IL TRIBUTO DI SPOLETO A PINA BAUSCH
Un'atmosfera surreale. Il clima che si respirava nell'attesissima rappresentazione dell'ultimo lavoro di Pina Bausch al Festival dei due Mondi di Spoleto - che segnava il suo ritorno sulle scene italiane dopo alcuni anni di assenza - è un misto di lutto, incommensurabile dolore per una perdita di tale portata ed al contempo di interesse per lo spettacolo destinato a rappresentare il testamento artistico della grande coreografa tedesca deceduta solo 3 giorni prima del suo debutto spoletino.
Per darne conto, al contrario di quanto si fa abitualmente in una recensione, occorre partire dalla fine, cioè a dire dall'interminabile applauso in standing ovation, durato 8 minuti e 45 secondi, tributato dal pubblico.
Per due sole volte i danzatori sono usciti sul proscenio a ricevere l'omaggio, lasciando poi il palco vuoto, in un gesto di grande significato simbolico, destinando l'applauso alla grande artista della danza prematuramente scomparsa.
La commozione ha a quel punto pervaso il teatro, come succede quando a mancare non è un personaggio pubblico ma una persona di famiglia. Dunque lacrime vere, sentite, molte.

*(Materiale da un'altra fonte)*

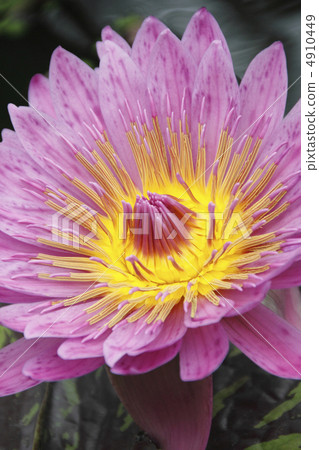 荷花睡蓮 4910449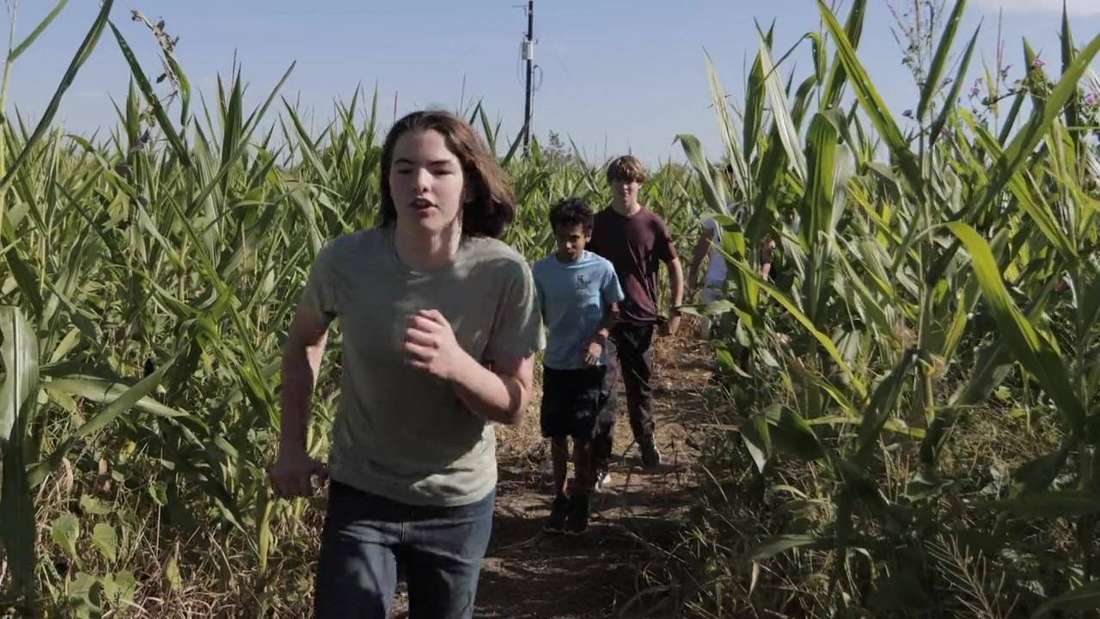 Barton Hill Farms film still by Adam Grumbo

Non vuole essere un resoconto di cronaca, bensì il racconto di un evento teatrale. Giacché il teatro è anche questo.
Poi lo spettacolo. Bamboo Blues è l'affresco di un'India non scontata, lontana anni luce dagli stereotipi. Un'India concreta, concretissima, attuale più che mai.
È l'India di una tradizione che è tradizione solo in quanto viene dal passato. Non è mai un'India del folklore.
È l'India del presente, fatta di rapporti contrastanti tra cultura autoctona e occidentalizzazione, tra vecchio e nuovo, tra passato e futuro. È lo scontro tra una cultura delle caste e una cultura della tolleranza da assimilare senza lasciarsi stravolgere. È l'India delle danze, dei riti tradizionali, e quella dei call center e del business. È l'India di un perdurante conflitto di genere (con una donna in via di emancipazione sempre presente nello spettacolo).
È l'India di fronte a un bivio di identità, ma che è. Sempre e comunque.
Due ore di incanto, in un affabulatorio racconto esistenziale ed interlinguistico, splendidamente reso da una compagnia composta di danzatori superlativi aggregati da un genio del teatro-danza, che ora non c'è più. Ma che ha lasciato un ultimo colpo di pennello fatto di passione, poetica e magia.
Grazie Pina.
(spettacolo visto il 5/7/2009 al Teatro Nuovo di Spoleto in occasione del 52° Festival dei due Mondi)
Visto il
al
Nuovo Gian Carlo Menotti
di Spoleto
(PG)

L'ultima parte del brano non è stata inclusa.